As soon as I started the climb, the sky darkened, and it began to rain. I hoped it would be brief, but it only got worse. About halfway up, the rain turned to hail. With every foot of elevation gained, the temperature dropped, and the wind pushed against me.

The rational part of my brain started scanning the trees hoping to find shelter. But the other, not-so-rational part whispered, “What happened to all that tough guy bullshit you told yourself about ‘not checking the weather because it doesn’t matter?’ You’re getting what you came for. This is it. This is why you’re here.”

I was like, “You’re right, non-rational part.” And I committed. I had to do it.

I dug down deep, found that resolve, and just like that, the rain and hail stopped. When you’re really struggling, the subtlest bit of relief will appear as Providence. As the clouds parted, I felt the apricity crawl across my back.
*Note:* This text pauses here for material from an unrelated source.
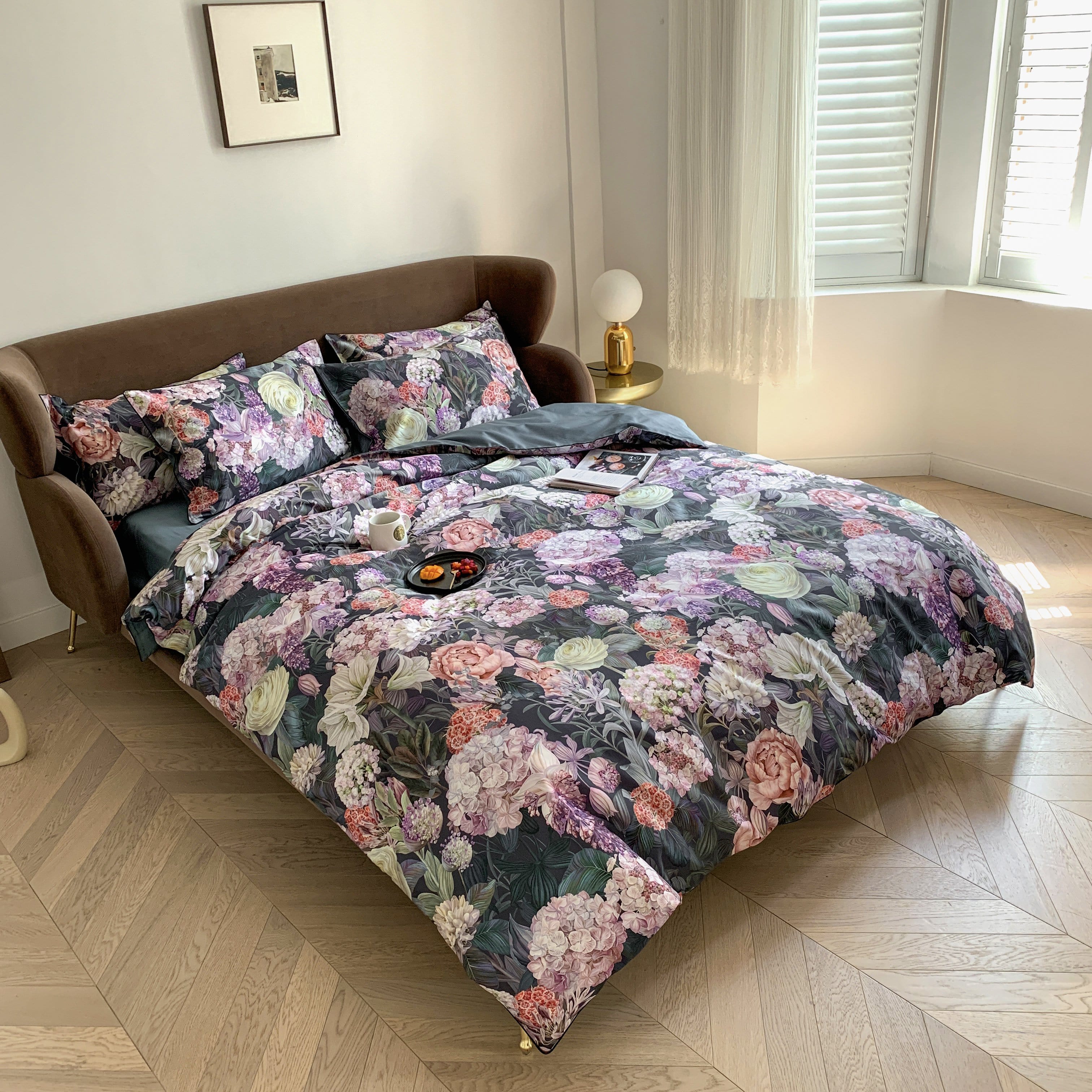 SleepRose | Elegantes Bettwäscheset mit Blumendesign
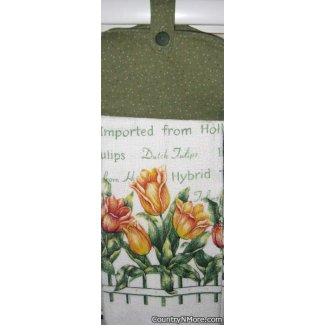 dutch tulip oven door towel 1408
And then the wind shifted, and I had this extraordinary sense – it was actually pushing me up the mountain. I got this feeling I couldn’t ignore, like the gods were rewarding me for not quitting when I wanted to, for not taking the easy way out, and an overwhelming conviction that I was exactly where I was supposed to be. My nihilism has never prevented me from having a mystical experience. If that seems contradictory, it’s because it is. But it’s our contradictions that make us such an interesting species.

A lone cyclist is dwarfed by sweeping switchbacks ascending through a desert landscape.

When I got to Taos, I was soaked. I considered breaking into a padlocked shack to sleep for the night, but the two tweakers dismantling a refrigerator nearby gave me reservations. At that very moment, I got a message from an old friend from Texas telling me they currently lived in Taos. What a brilliant stroke of luck! He put me up for the night. I was grateful to be dry and warm.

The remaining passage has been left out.